Prendevamo una pistola di 9 millimetri, ci avvicinavamo ai prigionieri iracheni e caricavamo le pallottole in canna puntandole con la minaccia di una «esecuzione» con un colpo alla testa. Era un metodo che li terrorizzava e faceva sì che non si accasciassero per terra tramortiti per il sonno.

Come veniva fatta la distinzione dei prigionieri iracheni, tra chi era un innocente civile iracheno finito nelle mani dei militari americani e chi era un «nemico combattente»?
La selezione e suddivisione dei prigionieri, giunti nel bunker veniva effettuata da tre agenti, non in uniforme, ma in abiti borghesi. Due erano americani con un traduttore arabo. Avevano dei nomi fittizi come «Artie», un altro si faceva chiamare «Scooter», il terzo nome non lo ricordo. In gergo militare li chiamiamo «military spooks».

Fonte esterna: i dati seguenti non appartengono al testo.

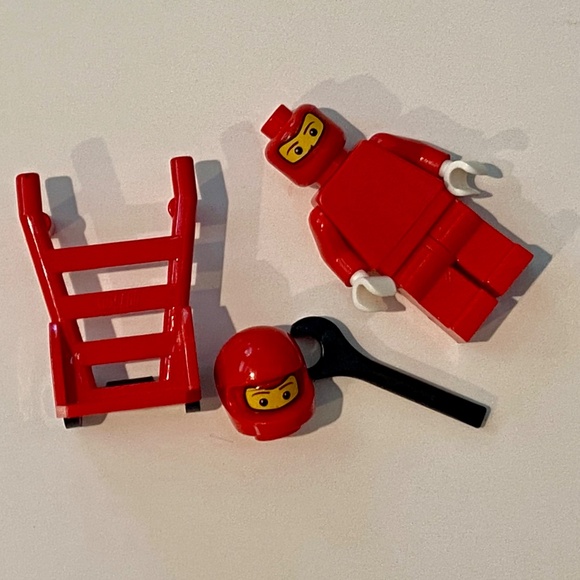 VTG LEGO Mini Figure Ferrari Race Car Pit Crew Dolly Wrench Head Mini fig rac046 - Picture 2 of 7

Chi sono i «military spooks»?
Sono degli agenti militari che generalmente non si sa se fanno parte della Cia, dei Delta Force, dei berretti verdi, dei «private contractors», assoldati dal Pentagono per vari incarichi. Loro erano esperti di tecniche degli interrogatori ed esperti di munizioni.

La vostra unità non partecipò alle tecniche di tortura fisica applicate dagli agenti che effettuavano l'interrogatorio?
No. Il nostro compito ordinato dai comandanti era quello di effettuare la prima fase di tortura psicologica, applicando il metodo della deprivazione sensoriale con la deprivazione del sonno dei prigionieri per 48 orse consecutive da aggiungere alle 72 ore di deprivazione del sonno già effettuate da altri. L'intero battaglione della nostra unità effettuava turni di sei ore ciascun gruppo per 24 ore.

Terminata questa forma di tortura ai prigionieri cosa avveniva?
I tre agenti «military spooks» che non sapevamo realmente chi fossero, entravano nel bunker e indicavano quelli designati come «combattenti nemici». Venivano trasferiti in un altro settore a loro riservato. Noi dovevamo caricare i prigionieri lasciati liberi. Toglievamo loro il cappuccio nero dal capo, li slegavamo, li caricavamo su un camion portandoli al villaggio vicino al campo di prigionia, improvvisato.

Nell'impartire gli ordini vi è stato mai detto che partecipavate ad atti considerati crimini di guerra in violazione della convenzione di Ginevra per i prigionieri di guerra?
No. L'addestramento era sommario e mai ci venivano spiegate le responsabilità cui saremmo incorsi partecipando a violare i trattati di condotta del codice militare di guerra e delle norme internazionali.